- Zhi-Xun Shen, Stanford Institute for Materials & Energy Science (SIMES)
- Sally Benson, Global Climate and Eneregy Project GCEP
- Stacey Bent, TomKat Center for Sustainable Energy
- Jim Sweeney, Precourt Energy Efficiency Center (PEEC)
- Frank Wolak, Program on Energy and Sustainable Development (PESD)
- Larry Goulder, Stanford Environment and Energy Policy Analysis Center (SEEPAC)

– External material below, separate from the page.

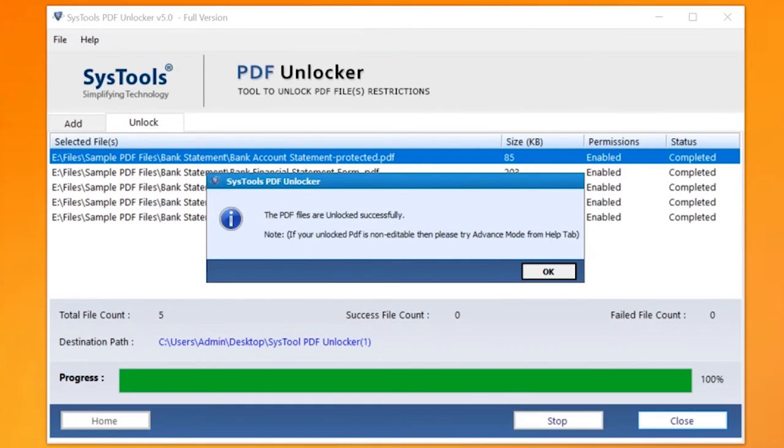Here you can see the Total File Count, Success File Count, Failed File Count, and Destination Path as well.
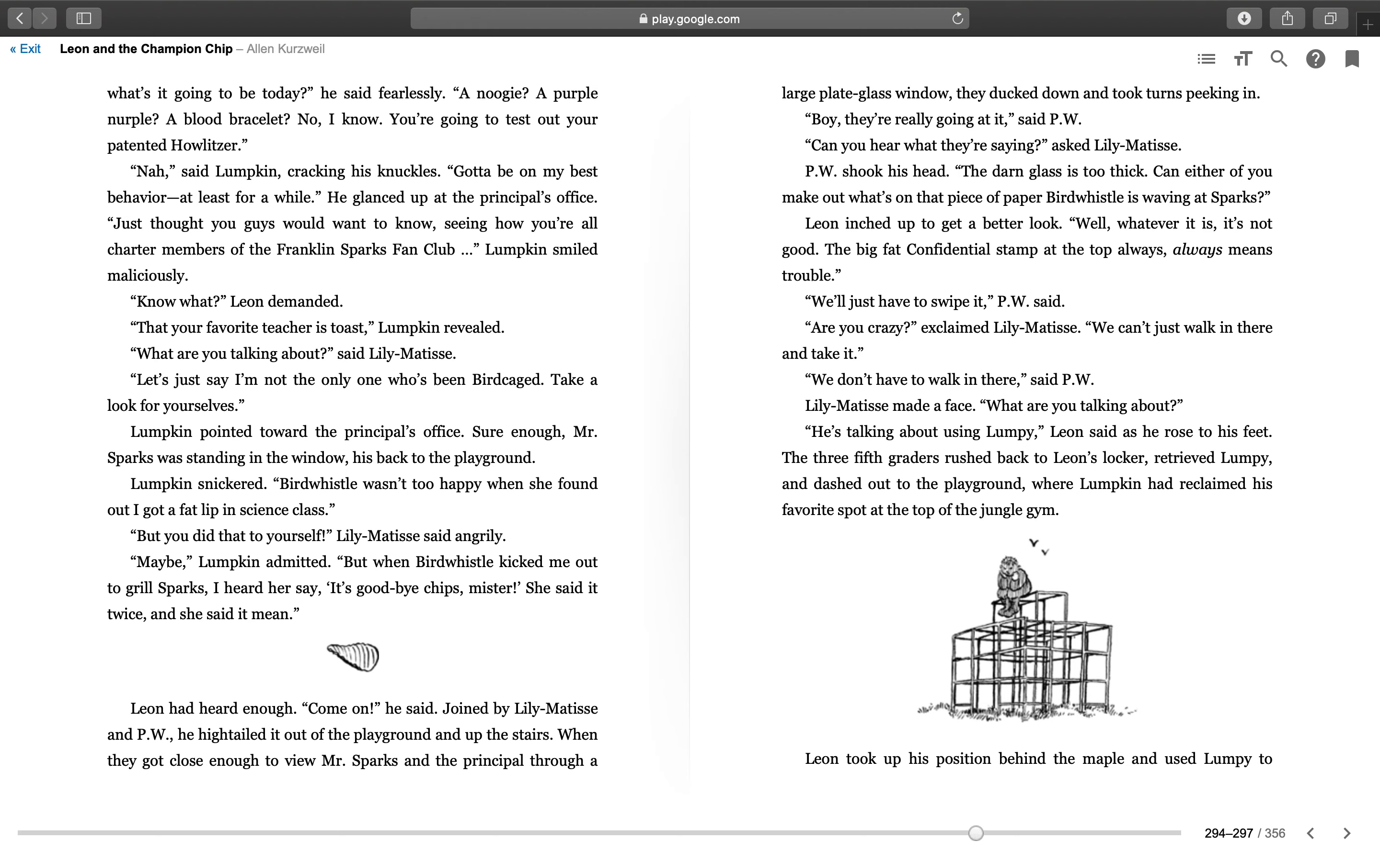"Are you crazy?" exclaimed Lily Matisse. "We can't just walk in there and take it." "We don't have to walk in there," said PW. Lily Matisse made a face. "What are you talking about?" "He's talking about using Lumpy," Leon said as he rose to his feet. The three fifth graders rushed back to Leon's locker, retrieved Lumpy, and dashed out to the playground where Lumpkin had reclaimed his favorite spot at the top of the jungle gym.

Wednesday, October 6, 2010 | 04:15 PM - 05:15 PM | Building 420, Room 40 | Free and Open to All
Franklin M. ("Lynn") Orr, Jr. became the director of the Precourt Institute for Energy at Stanford upon its establishment in 2009. He served as director of the Global Climate and Energy Project from 2002 to 2008. Orr was the Chester Naramore Dean of the School of Earth Sciences at Stanford University from 1994 to 2002. He has been a member of the Stanford faculty since 1985 and holds the Keleen and Carlton Beal Chair of Petroleum Engineering in the Department of Energy Resources Engineering, and is a Senior Fellow at the Woods Institute for the Environment. His research activities focus on how complex fluid mixtures flow in the porous rocks in the Earth's crust, the design of gas injection processes for enhanced oil recovery, and CO2 storage in subsurface formations. Orr is a member of the National Academy of Engineering. He serves as vice chair of the board of directors of the Monterey Bay Aquarium Research Institute, and he chairs the Science Advisory Committee for the David and Lucile Packard Foundation and was a foundation board member from 1999-2008.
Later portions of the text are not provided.